> **What to do**
The response must consist of all the records, retyped exactly.

> **Source material**
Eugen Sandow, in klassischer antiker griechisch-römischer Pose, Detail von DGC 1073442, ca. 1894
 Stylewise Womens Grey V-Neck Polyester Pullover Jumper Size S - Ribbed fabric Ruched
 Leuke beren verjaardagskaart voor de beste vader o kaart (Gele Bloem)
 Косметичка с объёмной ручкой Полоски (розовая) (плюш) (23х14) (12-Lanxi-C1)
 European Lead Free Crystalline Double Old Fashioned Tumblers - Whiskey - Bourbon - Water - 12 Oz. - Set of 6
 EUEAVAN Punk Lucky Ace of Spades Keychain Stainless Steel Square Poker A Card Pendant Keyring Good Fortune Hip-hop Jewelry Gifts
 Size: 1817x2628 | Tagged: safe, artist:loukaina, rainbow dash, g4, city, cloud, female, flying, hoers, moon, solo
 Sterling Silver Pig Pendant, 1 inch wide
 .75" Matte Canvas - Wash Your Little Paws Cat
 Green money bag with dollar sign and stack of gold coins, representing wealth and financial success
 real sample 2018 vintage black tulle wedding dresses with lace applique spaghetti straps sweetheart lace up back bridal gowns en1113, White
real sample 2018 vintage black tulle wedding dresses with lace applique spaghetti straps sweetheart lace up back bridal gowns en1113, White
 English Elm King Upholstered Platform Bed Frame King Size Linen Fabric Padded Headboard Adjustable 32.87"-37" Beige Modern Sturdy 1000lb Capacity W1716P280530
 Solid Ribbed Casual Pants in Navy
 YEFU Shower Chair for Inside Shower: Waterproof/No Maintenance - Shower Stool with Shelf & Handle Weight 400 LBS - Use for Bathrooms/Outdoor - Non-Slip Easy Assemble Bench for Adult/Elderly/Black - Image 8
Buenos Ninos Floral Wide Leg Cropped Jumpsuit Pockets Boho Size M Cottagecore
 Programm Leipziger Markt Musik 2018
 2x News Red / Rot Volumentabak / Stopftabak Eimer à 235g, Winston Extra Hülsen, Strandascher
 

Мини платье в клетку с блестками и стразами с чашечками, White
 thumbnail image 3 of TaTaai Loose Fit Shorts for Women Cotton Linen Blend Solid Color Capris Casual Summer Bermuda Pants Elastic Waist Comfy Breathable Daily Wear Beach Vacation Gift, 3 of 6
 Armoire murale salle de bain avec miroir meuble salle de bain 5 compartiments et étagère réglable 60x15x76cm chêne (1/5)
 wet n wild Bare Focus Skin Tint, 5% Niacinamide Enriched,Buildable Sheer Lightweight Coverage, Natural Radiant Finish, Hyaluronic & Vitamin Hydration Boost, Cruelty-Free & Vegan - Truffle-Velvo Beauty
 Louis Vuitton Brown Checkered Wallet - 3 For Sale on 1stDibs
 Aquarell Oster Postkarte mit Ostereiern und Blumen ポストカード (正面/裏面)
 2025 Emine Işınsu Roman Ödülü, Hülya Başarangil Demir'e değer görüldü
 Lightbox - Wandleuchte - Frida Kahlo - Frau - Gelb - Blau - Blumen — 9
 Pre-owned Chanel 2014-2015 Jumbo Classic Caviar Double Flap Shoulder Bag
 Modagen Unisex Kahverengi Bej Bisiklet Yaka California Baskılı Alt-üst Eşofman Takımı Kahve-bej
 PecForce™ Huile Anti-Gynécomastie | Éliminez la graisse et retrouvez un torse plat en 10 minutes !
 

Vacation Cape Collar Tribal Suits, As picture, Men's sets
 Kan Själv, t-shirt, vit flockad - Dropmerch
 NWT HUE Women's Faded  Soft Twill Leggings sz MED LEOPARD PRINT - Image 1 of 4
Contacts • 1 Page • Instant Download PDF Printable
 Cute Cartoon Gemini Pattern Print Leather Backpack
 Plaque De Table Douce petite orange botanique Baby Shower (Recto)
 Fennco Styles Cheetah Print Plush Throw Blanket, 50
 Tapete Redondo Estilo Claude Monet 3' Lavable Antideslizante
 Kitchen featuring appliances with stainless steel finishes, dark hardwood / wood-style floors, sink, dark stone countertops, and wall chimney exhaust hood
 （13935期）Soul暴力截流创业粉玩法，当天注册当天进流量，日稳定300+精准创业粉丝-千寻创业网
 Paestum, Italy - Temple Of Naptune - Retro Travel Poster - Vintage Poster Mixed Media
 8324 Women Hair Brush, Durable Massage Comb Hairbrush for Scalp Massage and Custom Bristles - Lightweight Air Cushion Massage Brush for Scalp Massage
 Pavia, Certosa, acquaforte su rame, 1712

> **Answer to this problem**
Eugen Sandow, in klassischer antiker griechisch-römischer Pose, Detail von DGC 1073442, ca. 1894
 Stylewise Womens Grey V-Neck Polyester Pullover Jumper Size S - Ribbed fabric Ruched
 Leuke beren verjaardagskaart voor de beste vader o kaart (Gele Bloem)
 Косметичка с объёмной ручкой Полоски (розовая) (плюш) (23х14) (12-Lanxi-C1)
 European Lead Free Crystalline Double Old Fashioned Tumblers - Whiskey - Bourbon - Water - 12 Oz. - Set of 6
 EUEAVAN Punk Lucky Ace of Spades Keychain Stainless Steel Square Poker A Card Pendant Keyring Good Fortune Hip-hop Jewelry Gifts
 Size: 1817x2628 | Tagged: safe, artist:loukaina, rainbow dash, g4, city, cloud, female, flying, hoers, moon, solo
 Sterling Silver Pig Pendant, 1 inch wide
 .75" Matte Canvas - Wash Your Little Paws Cat
 Green money bag with dollar sign and stack of gold coins, representing wealth and financial success
 real sample 2018 vintage black tulle wedding dresses with lace applique spaghetti straps sweetheart lace up back bridal gowns en1113, White
real sample 2018 vintage black tulle wedding dresses with lace applique spaghetti straps sweetheart lace up back bridal gowns en1113, White
 English Elm King Upholstered Platform Bed Frame King Size Linen Fabric Padded Headboard Adjustable 32.87"-37" Beige Modern Sturdy 1000lb Capacity W1716P280530
 Solid Ribbed Casual Pants in Navy
 YEFU Shower Chair for Inside Shower: Waterproof/No Maintenance - Shower Stool with Shelf & Handle Weight 400 LBS - Use for Bathrooms/Outdoor - Non-Slip Easy Assemble Bench for Adult/Elderly/Black - Image 8
Buenos Ninos Floral Wide Leg Cropped Jumpsuit Pockets Boho Size M Cottagecore
 Programm Leipziger Markt Musik 2018
 2x News Red / Rot Volumentabak / Stopftabak Eimer à 235g, Winston Extra Hülsen, Strandascher
 

Мини платье в клетку с блестками и стразами с чашечками, White
 thumbnail image 3 of TaTaai Loose Fit Shorts for Women Cotton Linen Blend Solid Color Capris Casual Summer Bermuda Pants Elastic Waist Comfy Breathable Daily Wear Beach Vacation Gift, 3 of 6
 Armoire murale salle de bain avec miroir meuble salle de bain 5 compartiments et étagère réglable 60x15x76cm chêne (1/5)
 wet n wild Bare Focus Skin Tint, 5% Niacinamide Enriched,Buildable Sheer Lightweight Coverage, Natural Radiant Finish, Hyaluronic & Vitamin Hydration Boost, Cruelty-Free & Vegan - Truffle-Velvo Beauty
 Louis Vuitton Brown Checkered Wallet - 3 For Sale on 1stDibs
 Aquarell Oster Postkarte mit Ostereiern und Blumen ポストカード (正面/裏面)
 2025 Emine Işınsu Roman Ödülü, Hülya Başarangil Demir'e değer görüldü
 Lightbox - Wandleuchte - Frida Kahlo - Frau - Gelb - Blau - Blumen — 9
 Pre-owned Chanel 2014-2015 Jumbo Classic Caviar Double Flap Shoulder Bag
 Modagen Unisex Kahverengi Bej Bisiklet Yaka California Baskılı Alt-üst Eşofman Takımı Kahve-bej
 PecForce™ Huile Anti-Gynécomastie | Éliminez la graisse et retrouvez un torse plat en 10 minutes !
 

Vacation Cape Collar Tribal Suits, As picture, Men's sets
 Kan Själv, t-shirt, vit flockad - Dropmerch
 NWT HUE Women's Faded  Soft Twill Leggings sz MED LEOPARD PRINT - Image 1 of 4
Contacts • 1 Page • Instant Download PDF Printable
 Cute Cartoon Gemini Pattern Print Leather Backpack
 Plaque De Table Douce petite orange botanique Baby Shower (Recto)
 Fennco Styles Cheetah Print Plush Throw Blanket, 50
 Tapete Redondo Estilo Claude Monet 3' Lavable Antideslizante
 Kitchen featuring appliances with stainless steel finishes, dark hardwood / wood-style floors, sink, dark stone countertops, and wall chimney exhaust hood
 （13935期）Soul暴力截流创业粉玩法，当天注册当天进流量，日稳定300+精准创业粉丝-千寻创业网
 Paestum, Italy - Temple Of Naptune - Retro Travel Poster - Vintage Poster Mixed Media
 8324 Women Hair Brush, Durable Massage Comb Hairbrush for Scalp Massage and Custom Bristles - Lightweight Air Cushion Massage Brush for Scalp Massage
 Pavia, Certosa, acquaforte su rame, 1712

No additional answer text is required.